Collect a univariate dataset containing at
least 15 observations that follows the ideal measurement
model:
Actual measurement = true measurement + random error
Here are some suggestions:
Time for a cup of water to boil on a stove
Time for your dog to come to you when you call it
Time to go to work over the same route
Time for a Red Line train to travel from the Fullerton stop to the Jackson stop
Time for an email message sent to yourself to arrive
Number of words on random pages of a book that does not contain figures or tables
Number of words in newspaper articles
Your pulse rate measured at random times during the day
Your weight measured at random times during the day
Weight of packages of meat at a store of approximately the same weight (you may need to go to more than one store)
Weight of each potato in a 10 pound bag
Lengths of "30 second" television commercials in seconds
Newspaper prices of used cars, which are of the same make and model
Heights of persons of the same gender in this class
The roundtrip ping time for an IP packet
The number of time for a spring loaded kitchen timer to "time" 30 seconds.
(Because of random error, there may be more variation than you think.)
Then use R to answer these questions. Type the answers to the starred
questions at the top of your output file (.docx file type). In your answers,
include the R statements that you used to obtain your answer.

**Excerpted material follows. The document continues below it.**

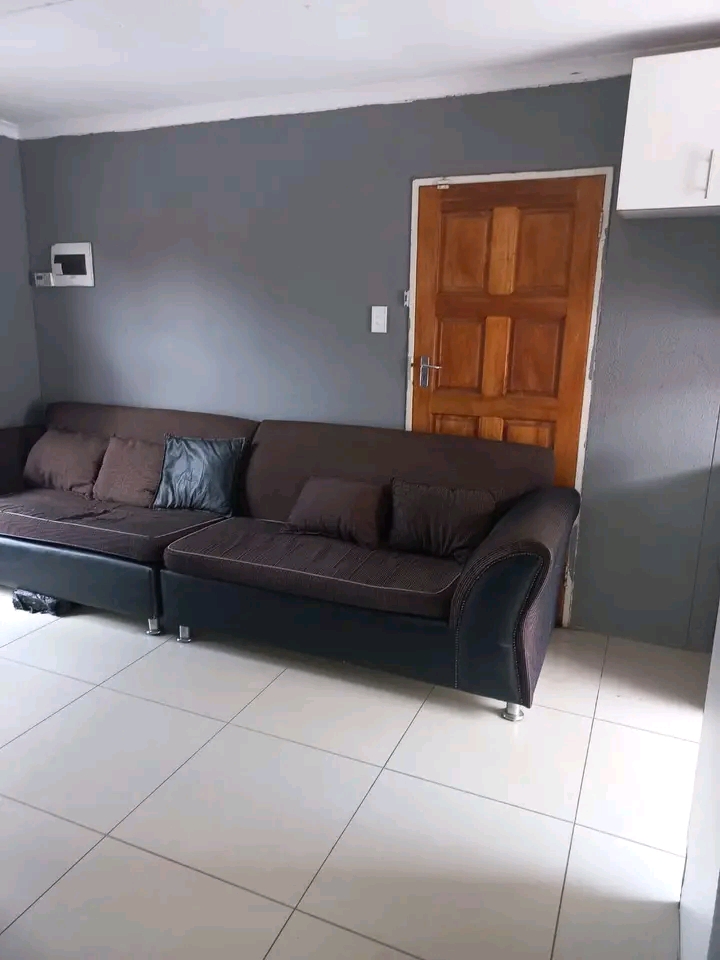 House to rent available immediately at ext17   in Windmill Park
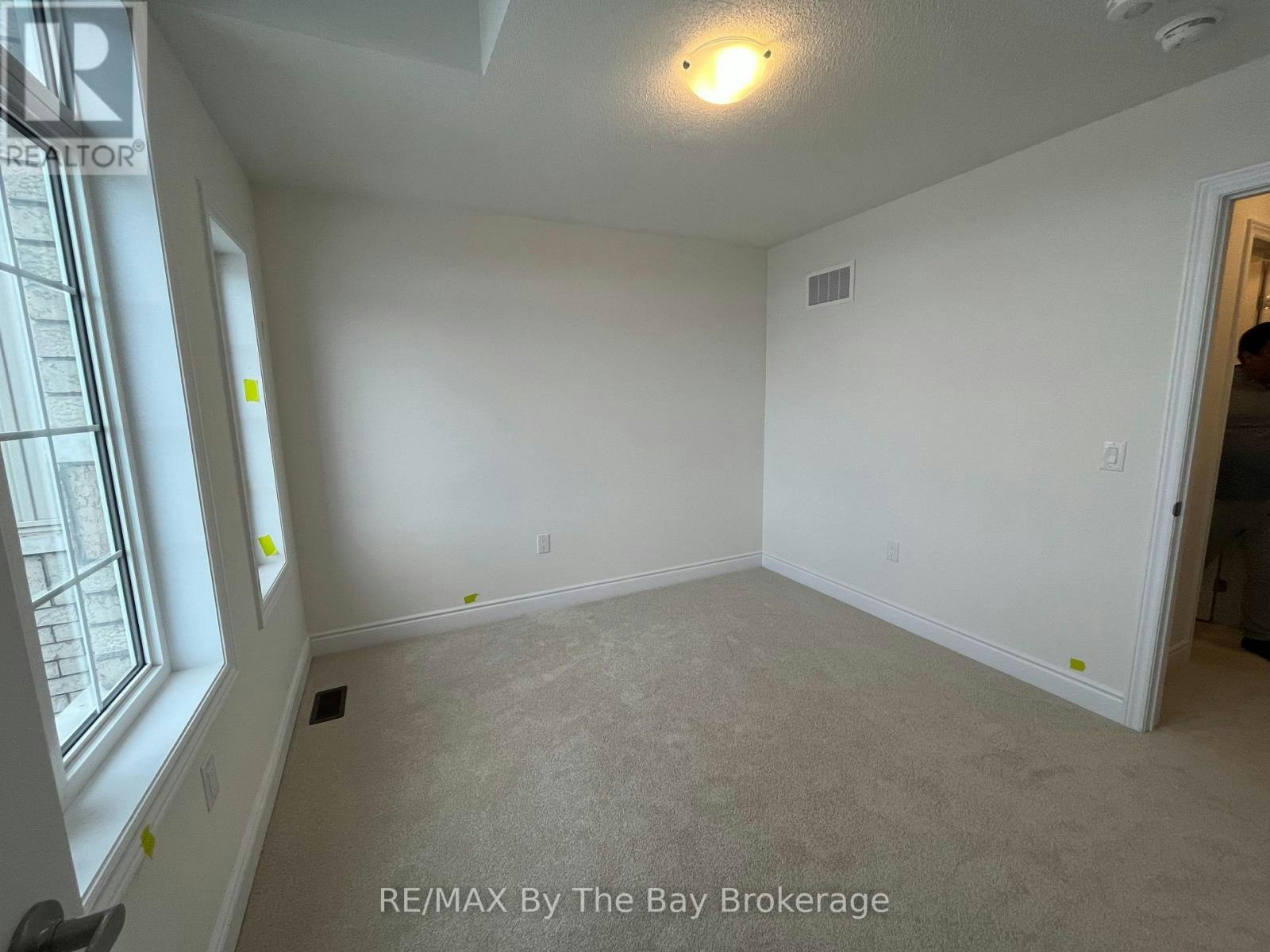 17 Carriage Lane, Wasaga Beach, ON, L9Z 0M5 - 16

Also make sure that your name is shown at the top of your submission
as well as in the filename.
Important: Do not sort the data before performing the
analyses.
*Describe your dataset and the circumstances under which you collected the data.
Create a CSV file that contains your dataset.
Create a CSV file that contains your dataset. Use R to create a dataframe
from your CSV file and print your dataset.
*What are Q0, Q1, Q2, Q3, and Q4?
*What are the sample mean and standard deviation?
Use R to plot three histogram one with the default bins, and two other
histograms where you set the bin boundaries (break points) explicity. See the
example in the discussion of Project 1a at the end of the Jan 21 Notes if you
are not sure how to do this.
*Use R to plot a boxplot. What does the boxplot tell you?
*List any moderate or extreme outliers using the boxplot. See Hint 1 below.
Create a new column of z-scores in the dataset.
Print the z-scores.
*List any moderate or extreme outliers using z-scores. See Hint 2
below.
Hints:
To find outliers using Q1, Q3, and IQR:
An extreme outlier is a data point that is more than 3 IQRs below Q1
or more than 3 IQRs above Q3.
An extreme outlier is a data point that is more than 1.5 IQRs below Q1
or more than 1.5 IQRs above Q3, and is not an extreme outlier.
To find outliers using z-scores:
An extreme outlier is a data point that has a z-score of more than
3 or less than -3.
An mild outlier is a data point that has a z-score greater than
2 or less than -2, and is not an extreme outlier.